A Simpler Time
Posted: Friday, March 05, 2010
by Sydney Spence
Remembering the days I would play outside past sunset, without a care in the world, fill my daydreams now. How ironic that being a grown up would fill my daydreams then, when I had no idea what adulthood meant. But there were things that made me appreciate the simple life I had. The pink and orange hues of the sunset would always mesmerize me after a long and fulfilling day of adventure outside, and hours seemed to last forever when my hands were elbow deep in dirt that I had dug up from the ground to make dirt castles. They weren't sand castles as I was nowhere near sand or ocean. That's a funny thought. I wouldn't touch sand until my 33 rd birthday, but that's another day I will reminisce on as I grow older.
Back in the day I would have the freedom of riding almost anywhere I wanted. It was my first bike ever, purple and fast, and it rode me to many an adventure. Flying down the dusty dirt roads to get home in time for dinner was like flying in the wind to my child-like mind. Each evening I went home I knew I would just be itching to get back out the next day when I would again be able to use my imagination for another day of adventure. Those were the days when playing hide and seek with the neighborhood kids was more entertaining than sitting in front of the TV. Even now it would be more pleasurable than sitting in front of my computer all day. But, alas, technology has won the human fight for convenient lives.
Everyday I become more saddened at the thought that my children won't grow up in the same world I did. They won't have the same simple pleasures in life that even my generation was afforded. I'm sure my parents and even my grandparents felt the same way, but even early on in my life I had the beginnings of technology that evolved in such a way that no child dare try to avoid it these days. The true sadness of it all to me is that my children will not have the simple pleasure of enjoying a day free of phone calls, emails, or disturbing events of disaster boasted over the air waves or TV.
My mother would tell stories of hanging out on their wall at the Dairy Queen without worry of a gang fight starting up, just a night of hanging out with friends. My grandmother grew up in a time that you didn't have to lock your doors and neighbors looked out for each other. As we know today, none of those things are possible anymore.
I remember playing in the park at dusk without worrying that someone was going to snatch me up and take me away from everything I knew.

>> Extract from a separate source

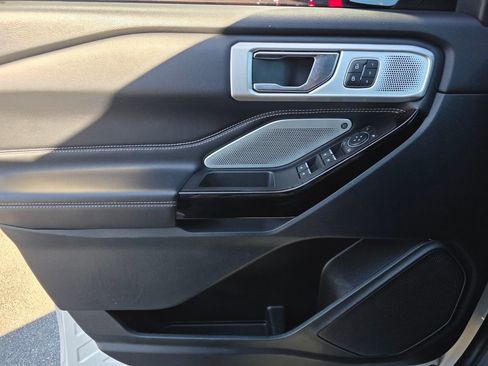 Used 2022 Ford Explorer ST w/ Equipment Group 401A image 26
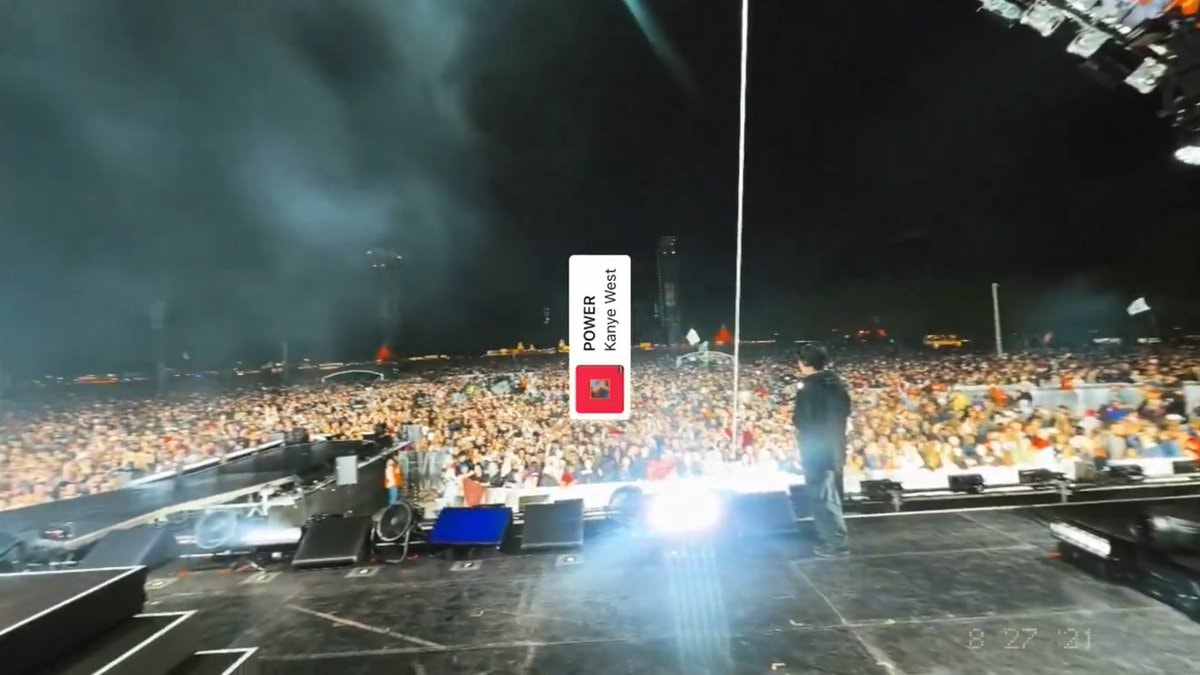 JENNIE Roskilde Festival 60,000 crowd (photo 3 of 3)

We lived a little over a mile outside the city limits and every weekend I rode my bike into town, along the highway no less, just to get to that park and the thought of my children doing that now is depressing because I know they can't. Oh, to let kids be kids these days. I must sound like a grandmother at this point, I guess my mind often feels that way, but I'm only 35 and a mother of two.
My children are home before dark, they are only allowed to hang out with kids I've met, and there's no such thing as mama dropping them off at the mall to hang with friends. I cannot think of a time that I have ever allowed them to ride their bicycle down the street without me or even imagined letting them go into some wooded area to build a fort with no one but them.
Maybe the time they look back on will be just as my memories are to me. They will tell their children of their childhood and their grandchildren and so on. It makes me wonder just what exactly our world will be by then and what memories they will have to share. But for now, I have become my mother telling them the same stories I share now; memories of a simpler time.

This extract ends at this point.